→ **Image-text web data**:
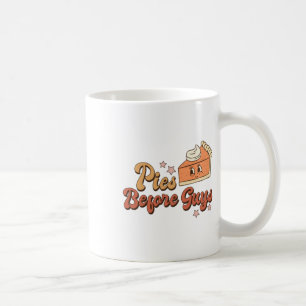 Pies Before Guys Fall Thanksgiving Pumpkin Pie Fun Coffee Mug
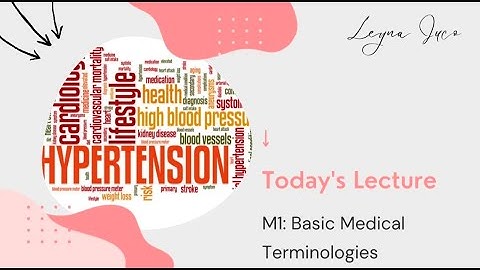 PMLS2-M1: BASIC MEDICAL TERMINOLOGIES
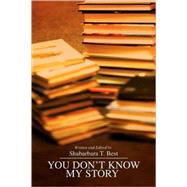 You Don't Know My Story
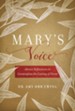 Mary's Voice: Advent Reflections to Contemplate the Coming of Christ - eBook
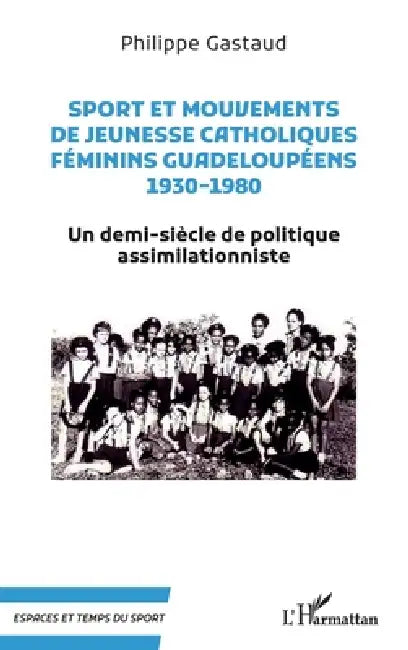 Sport et mouvements de jeunesse catholiques féminins guadeloupéens 1930-1980: Un demi-siècle de politique assimilationniste by Philippe Gastaud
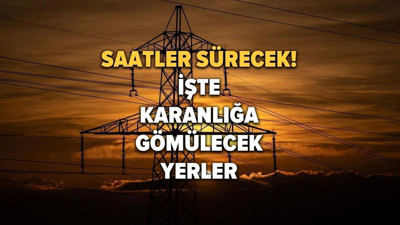 Elektrik kesintisi olacağı ilçeler belli oldu: 26 Haziran elektrik kesintileri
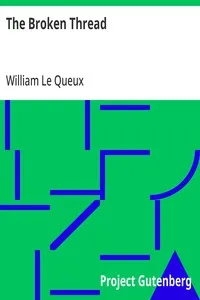 The Broken Thread — William Le Queux cover
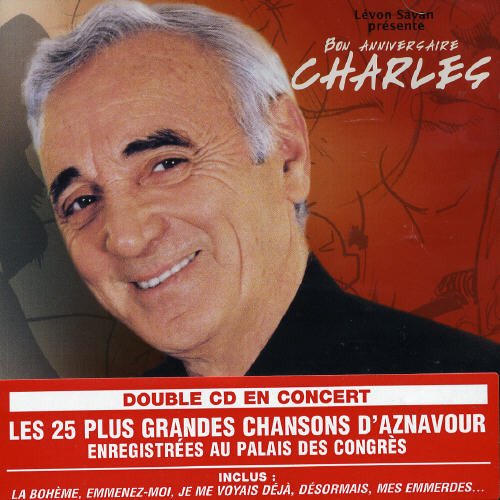 Charles Aznavour / 2004 Bon Anniversaire Charles - CD (Occasion)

→ **TASK INSTRUCTIONS**:
Each record, word for word, should be printed again without its pictures.

→ **YOUR SOLUTION**:
 Pies Before Guys Fall Thanksgiving Pumpkin Pie Fun Coffee Mug
 PMLS2-M1: BASIC MEDICAL TERMINOLOGIES
 You Don't Know My Story
 Mary's Voice: Advent Reflections to Contemplate the Coming of Christ - eBook
 Sport et mouvements de jeunesse catholiques féminins guadeloupéens 1930-1980: Un demi-siècle de politique assimilationniste by Philippe Gastaud
 Elektrik kesintisi olacağı ilçeler belli oldu: 26 Haziran elektrik kesintileri
 The Broken Thread — William Le Queux cover
 Charles Aznavour / 2004 Bon Anniversaire Charles - CD (Occasion)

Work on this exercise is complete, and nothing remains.